Politique

Le RN se dit « prêt à gouverner » mais certaines de ses investitures montrent le contraire

POLITIQUE – L’assertion est martelée depuis l’annonce de la dissolution de l’Assemblée nationale. Le Rassemblement national est « prêt à gouverner », répètent Marine Le Pen et Jordan Bardella. Une affirmation visant à contrer le procès en amateurisme, voire en incompétence, instruit par ses adversaires et à dissiper son image sulfureuse en revendiquant le titre honorifique de « parti de gouvernement ».
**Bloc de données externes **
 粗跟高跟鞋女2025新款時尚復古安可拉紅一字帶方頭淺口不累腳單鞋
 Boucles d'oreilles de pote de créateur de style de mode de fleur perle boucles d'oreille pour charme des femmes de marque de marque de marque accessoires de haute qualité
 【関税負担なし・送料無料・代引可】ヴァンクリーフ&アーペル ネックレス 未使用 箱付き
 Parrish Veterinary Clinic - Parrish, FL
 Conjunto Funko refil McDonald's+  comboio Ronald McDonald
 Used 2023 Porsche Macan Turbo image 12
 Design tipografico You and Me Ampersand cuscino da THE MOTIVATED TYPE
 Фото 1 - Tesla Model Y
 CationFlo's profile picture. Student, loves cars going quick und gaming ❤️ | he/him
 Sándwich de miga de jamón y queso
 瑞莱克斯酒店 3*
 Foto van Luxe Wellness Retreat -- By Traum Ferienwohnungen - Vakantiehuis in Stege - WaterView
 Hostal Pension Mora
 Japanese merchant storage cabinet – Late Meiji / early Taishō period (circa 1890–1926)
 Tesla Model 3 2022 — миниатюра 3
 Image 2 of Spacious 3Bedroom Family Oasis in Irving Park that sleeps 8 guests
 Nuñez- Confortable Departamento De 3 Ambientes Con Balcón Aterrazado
L’aboutissement, en somme, de la « normalisation » souhaitée par le RN, mais qui se heurte à une réalité bien moins reluisante pour le parti lepéniste. Car, tout performatif qu’il soit, ce discours tranche avec de nombreux profils problématiques investis par le RN aux élections législatives anticipés.

Propos racistes et antisémites

Ce lundi 17 juin, Libération a mis en évidence des publications aux relents racistes, antisémites et complotistes partagées par plusieurs candidats investis par le RN. On citera en exemple le cas de Françoise Billaud, candidate dans les Côtes-d’Armor, qui partageait en juillet 2021 une photo à la mémoire de Philippe Pétain ou, le 8 mai dernier, une publication évoquant le prêtre collaborationniste Jean-Marie Perrot, tué par un résistant communiste en 1943. Autre cas éloquent, celui de Joseph Martin. Candidat RN dans le Morbihan, l’entrepreneur de 70 ans avait tweeté ceci en 2018 : « le gaz a rendu justice aux victimes de la Shoah ».

Outre l’archéologie numérique des candidats RN, certains propos tenus en public par certains d’entre eux rappellent tout ce que le parti voudrait faire oublier. À l’image du maire, ex-UDI, de Cholet Gilles Bourdouleix. L’ancien député, qu’Éric Ciotti a apporté dans ses bagages avait fait parler de lui en 2013 pour avoir dit lors d’une altercation avec des gens du voyage que « Hitler n’en avait peut-être pas tué assez ».

Cette contradiction entre le récit médiatique et le profil des candidats s’exprime également sur l’international. C’est ainsi que le Rassemblement national a investi des personnalités ouvertement russophiles ; exemple avec l’avocat Pierre Gentillet, ancien attaché parlementaire de Thierry Mariani. Président-fondateur du Cercle Pouchkine visant au rapprochement franco-russe, cet habitué des plateaux de CNews (et des voyages en Crimée pour blanchir la propagande russe) a été parachuté dans le Cher sur proposition de Jordan Bardella. Il ne s’agit pas d’un cas isolé, puisque l’ex-député UMP Jacques Myard (également complaisant à l’égard la Russie poutinienne) se présente aussi sous la bannière RN, tout comme Rémy Berthonneau, ancien représentant de Cifal à Moscou, entreprise soupçonnée par la justice de corruption d’agent public étranger.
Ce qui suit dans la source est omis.